Get the PID of the root supervisor

Hi all,

I have short-lived test processes that use an ETS table for storing state. When they die, the table is dropped.

I’d like to set the root supervisor process as the table’s heir so that the ETS table is not dropped during the whole testing process. How can I get its PID ?

I also know that I could set up the table upon test or application startup, but I’m looking for a less intrusive solution. More specifically, I want to implement everything in one file of an implementation of a behaviour without modifying the rest of the app.

Cheers!

Don’t this is very bad idea for few reasons:

  • Storing state between tests mean that you are bounded to the order in which tests happen
  • It prevents tests from running in async manner
  • It can blow your VM up when there will be too much ETS tables (earlier there was a limit, now it can munch RAM)

What is the reason for such task? Because it feels like XY problem.

2 Likes

Main reason is curiosity.

I’m not sure yet if I’ll need this eventually, and I’m not talking only about unit tests but running a test suite against a REST API while using the default “test” implementation of the persistence layer. And I’d like to have the whole implementation, including setting up the ETS table, in the test behaviour implementation file. That said, I’m curious if there’s a better and cleaner way to do it.

Also, this is a named table and the idea is to create it if it doesn’t exist without init in application.ex for instance. Yes, this is one more lookup and inefficient but it won’t end up in prod anyway. and won’t blow up the VM - no more than 1 table is to be created.

Traditionally you create a dedicated GenServer process in your application’s supervision tree to be the owner of the table if you want it to persist indefinitely.

3 Likes

Thanks for the answer, that’s indeed the way to go for a clean implementation.

However, I’m talking about a library without the application callback. In this library, I define a behaviour and I’d like to provide a default test implementation as well that doesn’t require additional configuration (such as “add {MyModuleImpl, [opt1, opt2...] to your application.ex to start it under your supervision tree”).

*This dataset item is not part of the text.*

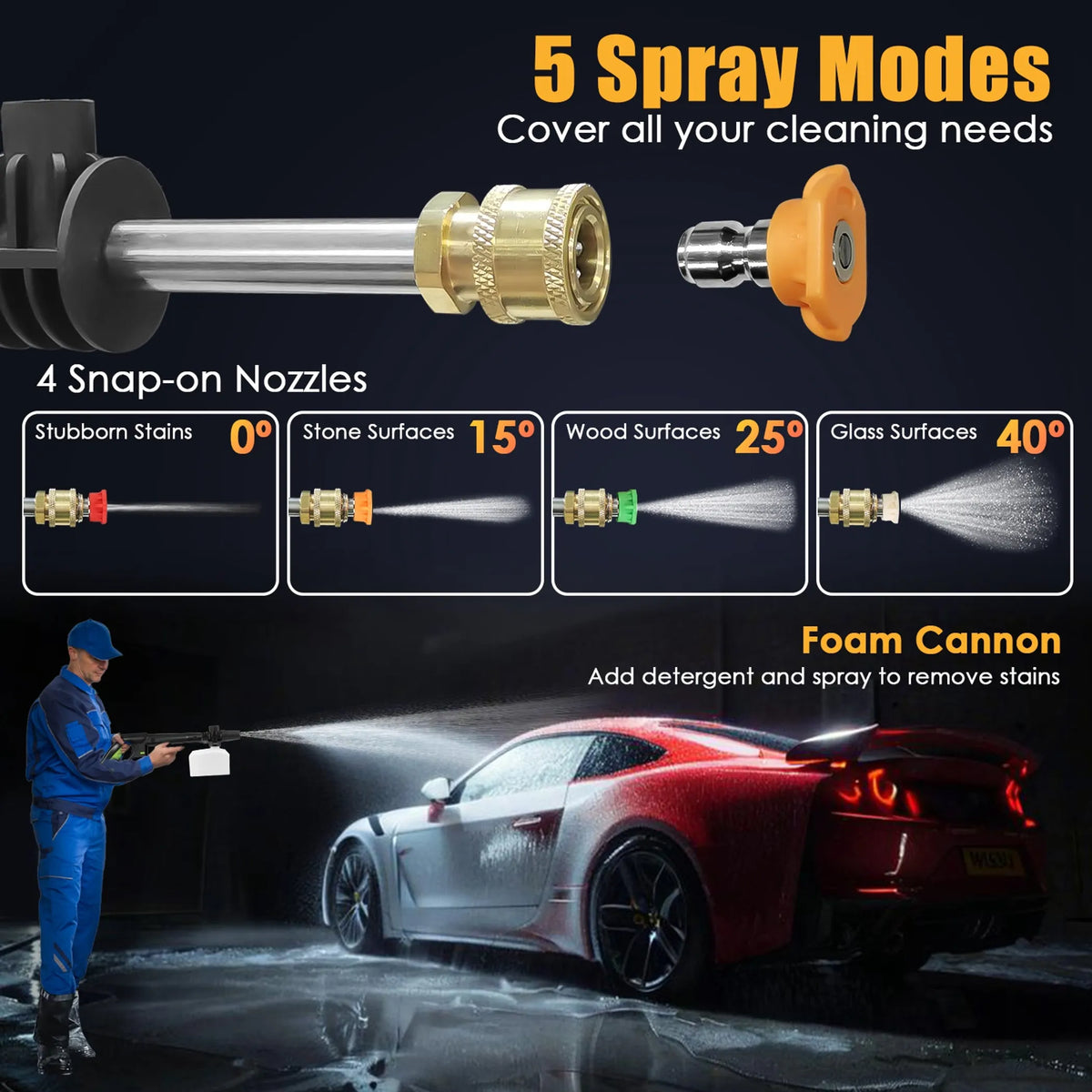 4200PSI 1.85GPM 1800W Electric Pressure Washer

In a nutshell, I’d like to have a zero-conf implementation, be it an ugly hack.

Actually I’ve thought of starting an unlinked named process, that should work but I’m still genuinely interested out of curiosity whether there’s way to retrieve the pid of the root supervisor :slight_smile:

I think it’s always 0.0.0.

Process.whereis(:init) will get you to it too.

1 Like

but seriously, don’t link an ets table to it.